====== SUPPLIED ENTRIES ======
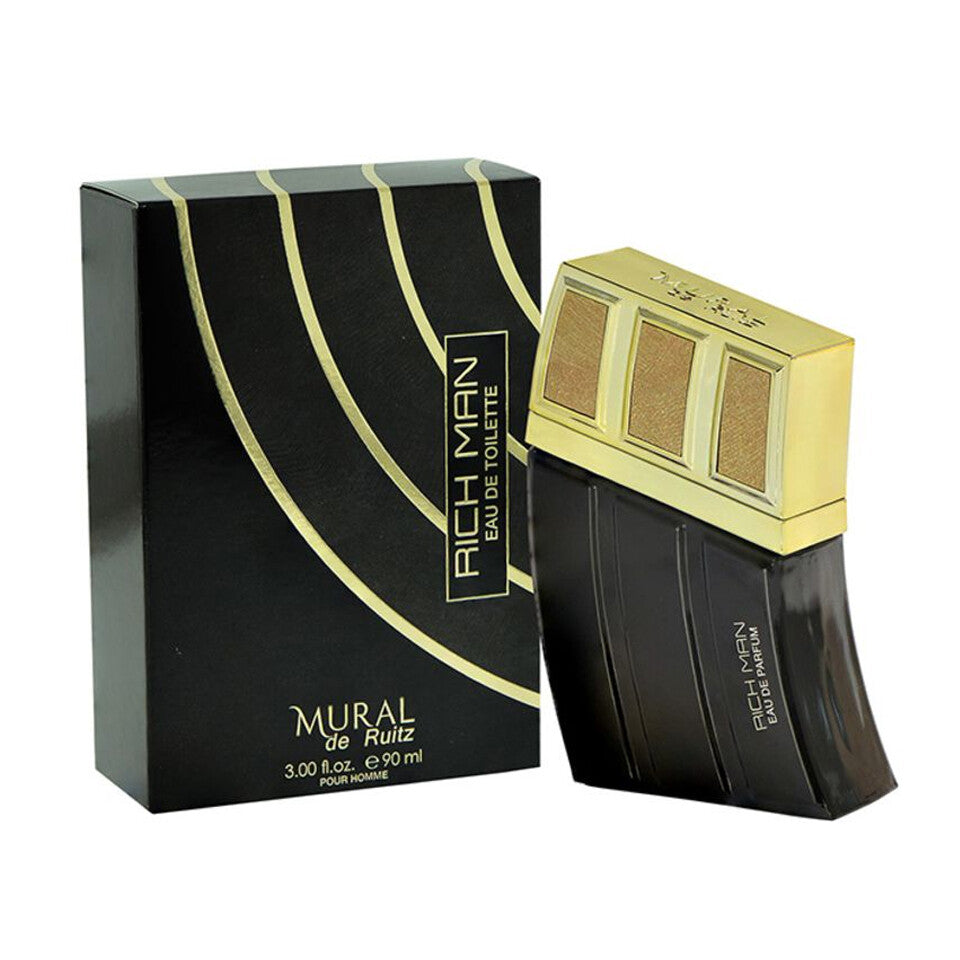 Mural De Ruitz Rich Man EDT for men - Perfume Planet 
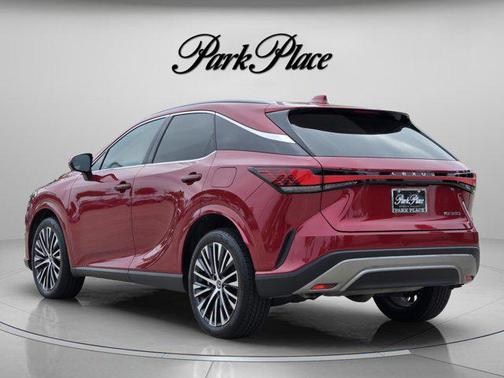 Matador Red Mica 2025 Lexus RX 350 Premium Plus
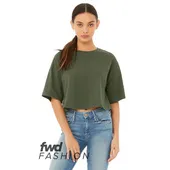 Bella+Canvas Womens Jersey Crop Tee 6482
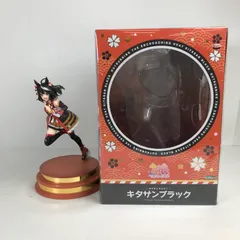 【中古品】 コトブキヤ ウマ娘 プリティーダービー キタサンブラック［迫る熱に押されて］ 1/7スケール フィギュア 【053-260508-mh-16-fuzh】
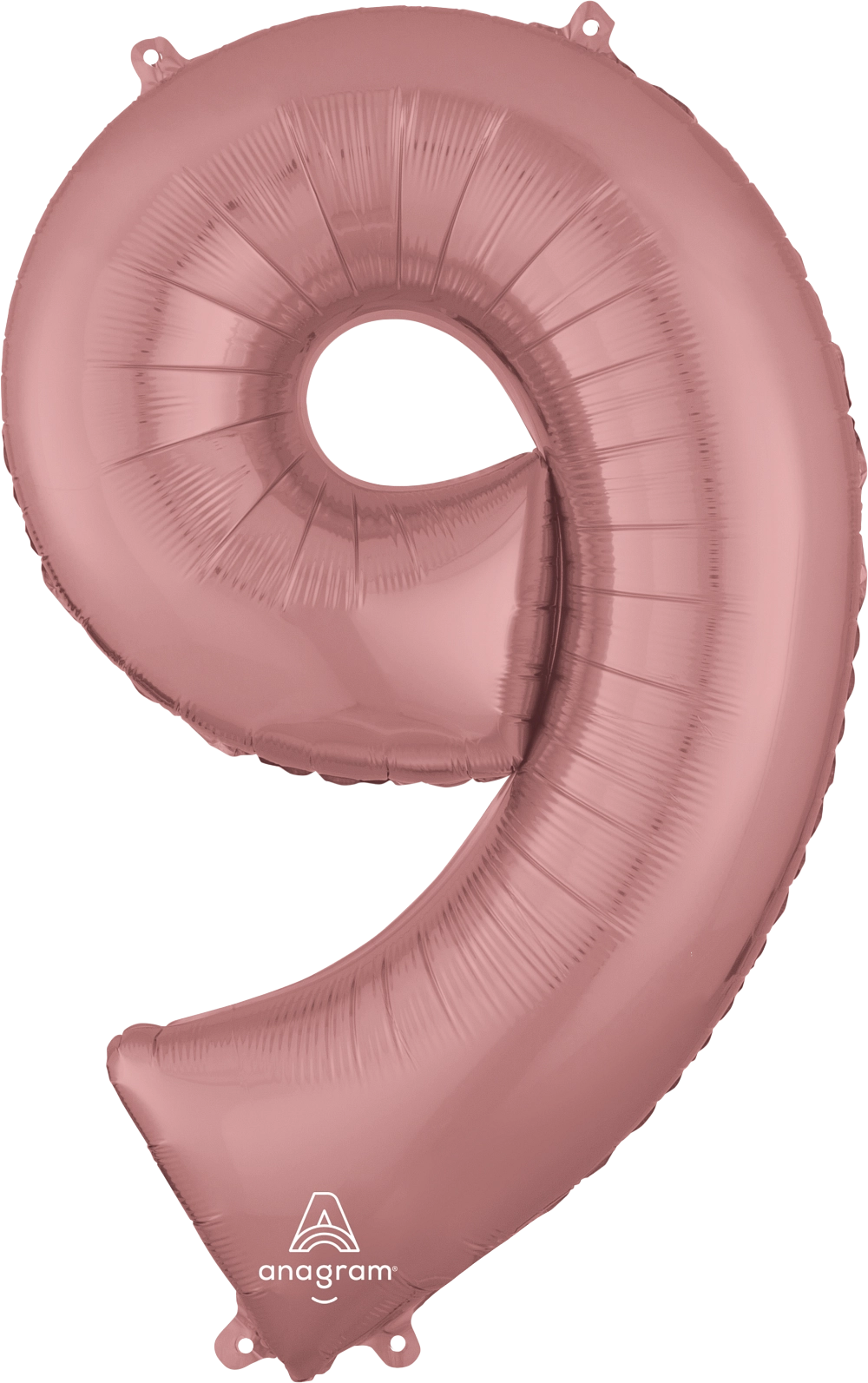 34" ROSE GOLD FOIL NUMBERS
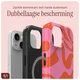 AVY Apple iPhone 14 / 13 Hoesje MagSafe Back Cover Rosé Twist afbeelding 6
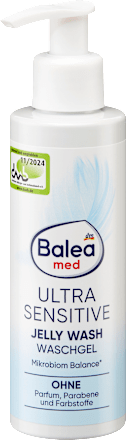 Ultra Sensitive čisticí pleťový gel Balea med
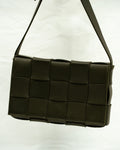 Bottega Veneta Small Cassette Leather Bag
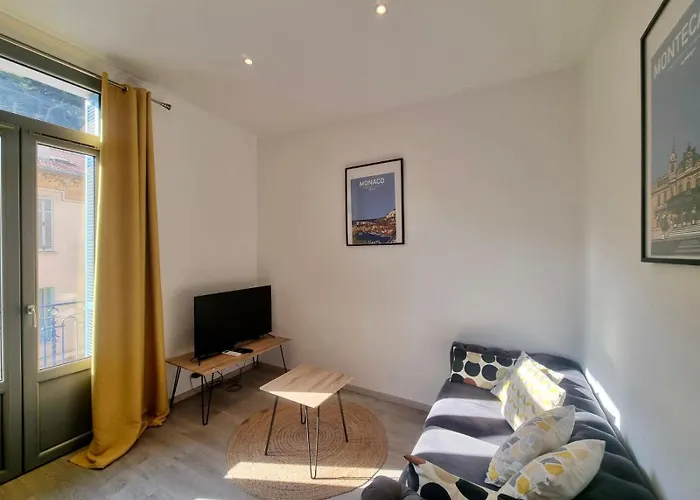 Apartamento Brigitte Monaco Parking Et Terasse *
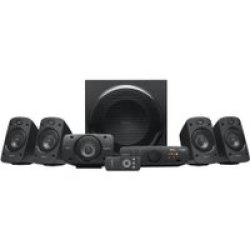 Logitech Z906 Digital Dolby Digital Pro Logic 5.1 Channel Speaker System
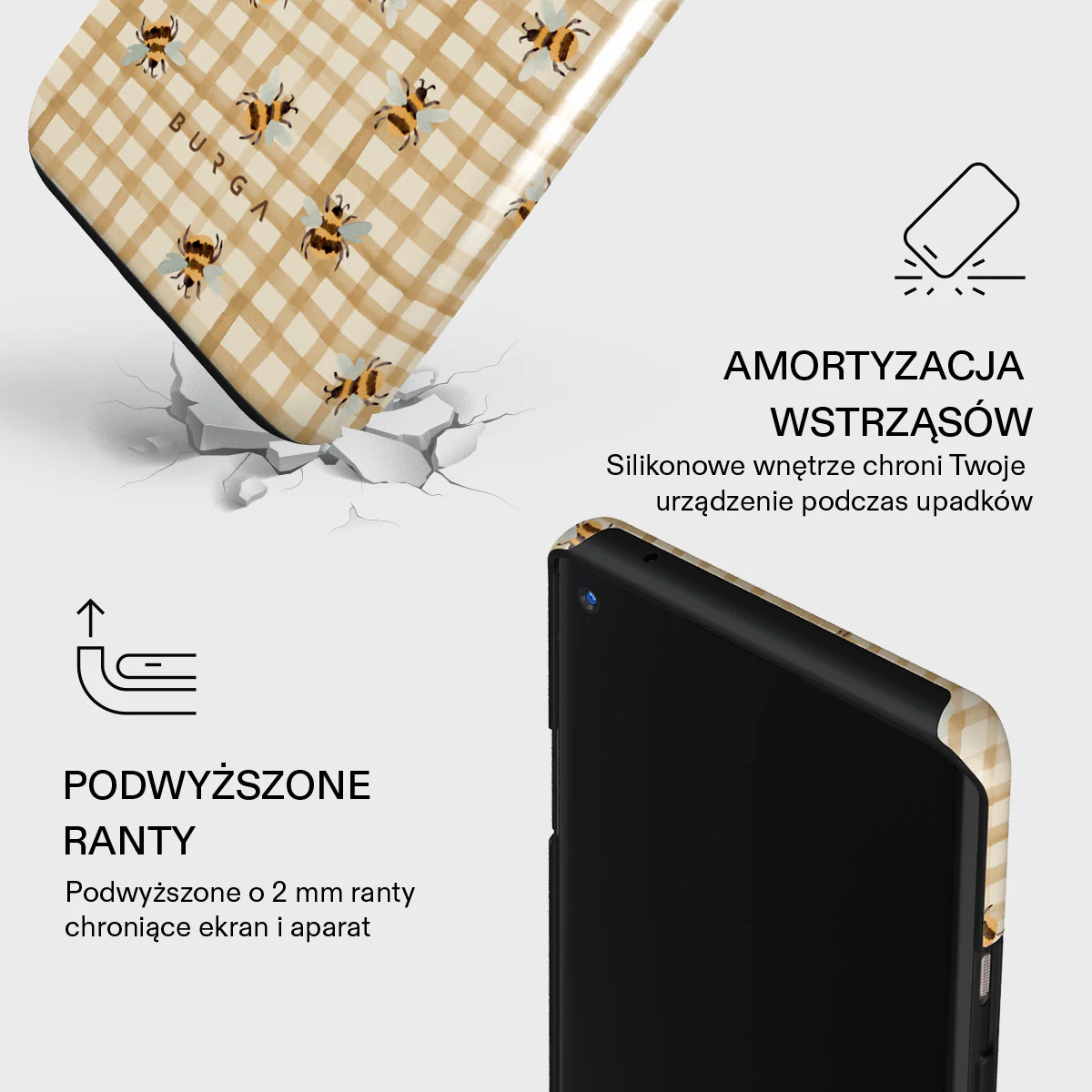 Honeycomb - OnePlus 8 Etui - Image 4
======
**WHAT YOU NEED TO DO**
The line containing "GOLD FOIL NUMBERS" marks the end: retype every line from the first one in the listing up to and including it, without pictures.

**RESPONSE AREA**
 Mural De Ruitz Rich Man EDT for men - Perfume Planet 
 Matador Red Mica 2025 Lexus RX 350 Premium Plus
 Bella+Canvas Womens Jersey Crop Tee 6482
 【中古品】 コトブキヤ ウマ娘 プリティーダービー キタサンブラック［迫る熱に押されて］ 1/7スケール フィギュア 【053-260508-mh-16-fuzh】
 34" ROSE GOLD FOIL NUMBERS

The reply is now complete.